PROVIDED INFORMATION
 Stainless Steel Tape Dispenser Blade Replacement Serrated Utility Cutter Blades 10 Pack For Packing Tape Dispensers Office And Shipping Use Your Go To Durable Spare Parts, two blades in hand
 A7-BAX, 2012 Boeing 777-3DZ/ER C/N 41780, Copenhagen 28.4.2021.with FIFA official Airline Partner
...
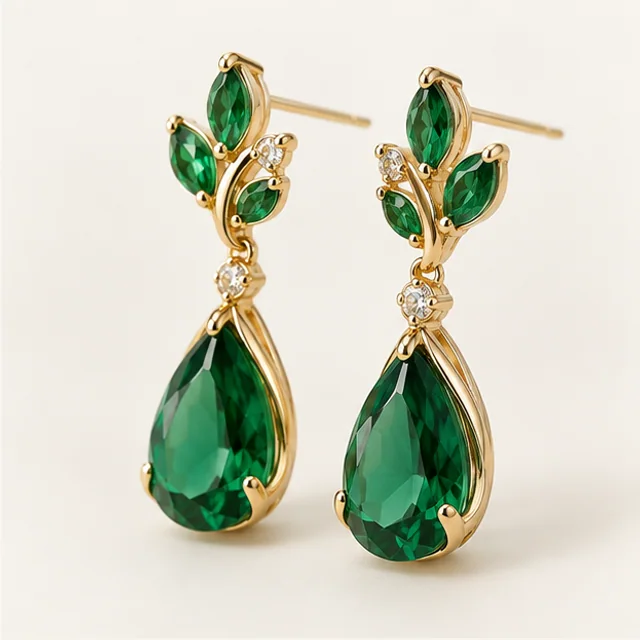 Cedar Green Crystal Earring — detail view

TASK INSTRUCTIONS
All lines above from the line with "Stainless Steel Tape" through the line with "A7-BAX, 2012 Boeing", both included, are to be set down exactly, with nothing else.

EXERCISE ANSWER
 Stainless Steel Tape Dispenser Blade Replacement Serrated Utility Cutter Blades 10 Pack For Packing Tape Dispensers Office And Shipping Use Your Go To Durable Spare Parts, two blades in hand
 A7-BAX, 2012 Boeing 777-3DZ/ER C/N 41780, Copenhagen 28.4.2021.with FIFA official Airline Partner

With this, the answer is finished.